Inference of population history from sequence data

Firstly, a pairwise sequentially Markovian caolescent (PSMC) analysis was used to reconstruct the demographic history of the NA populations here analyzed. Only data from highly covered regions were used. Reference population genomes were obtained from Complete Genomics ( Bootstrapping analysis was performed to validate the inference as described by Li et al.31 (Supplementary Fig. 9).

Secondly, MSMC models were used to analyze multiple genomes33, grouped as follows: both individuals from each of the six NA groups of Mexico here analyzed; the four genomes from Northern NA populations of Mexico (Tepehuanos and Tarahumaras) and the four genomes from Southern Mexico (Zapotecas and Nahuas). All genomes were previously phased with SHAPEIT V2.1265, using all individuals from 1KG project as reference panel. Demographic history of world populations was inferred using phased variants from the last release of the 1KG project.

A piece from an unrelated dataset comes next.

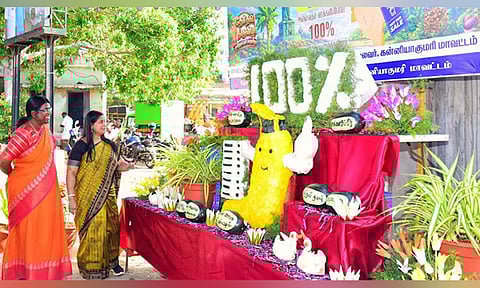 கன்னியாகுமரியில் காய், கனிகளால் ஜொலிக்கும் தேர்தல் விழிப்புணர்வு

Potentially pathogenic alleles causing Mendelian disease

The list of 56 genes recommended for reporting incidental findings by the ACMG was used as reference to identify potentially pathogenic variants38. Non-synonymous variants in the 12 NA genomes absent from the 1KG project (phase 3) were annotated using ClinVar database to identify potential pathogenicity.

GWAS variants in NA individuals

Based on the NHGRI GWAS Catalog containing all SNP-trait associations with a significance level of 10−5, we identified GWAS variants present in each genome66. Variants shared by the 12 NA individuals in heterozygous or homozygous form were grouped based on their EFO. The allele frequency of these variants was compared with that of other continental populations, particularly Europeans (CEU) and Asians (CHB and JPT) from the 1KG project (phase 3) (Supplementary Table 7). Thirteen variants were found in SNP 6.0 microarray and their allele frequencies were evaluated in 312 additional NA samples included in the present study (Supplementary Table 7).

Pathway enrichment and gene ontology analysis

Functional enrichment (Disease association and GO enrichment analysis) was performed using the WebGestalt online tool67. For disease association analysis, WebGestalt uses disease terms downloaded from PharmGKB and genes associated with individual disease terms were inferred using GLAD4U (Gene List Automatically Derived For You)68. Human genome data (hsapiens_genome) was used as reference set, the Benjamini-Hochberg multiple test was used to adjust for multiple testing69. Statistical significance was considered at P < 0.01. Three annotation matrix for enriched disease-associated genes were tested: (A) all genes with novel non-synonymous variants; (B) protein-coding genes with highest number of SNVs in the promoter region (above 95th percentile); and (C) genes from groups A and B combined. All analyses were performed seperately in each ethnic group.

Data availability

In consistency with the respective Institutional Review Board approval and individual informed consents, genome and exome variation files will be available at, upon request to the corresponding authors.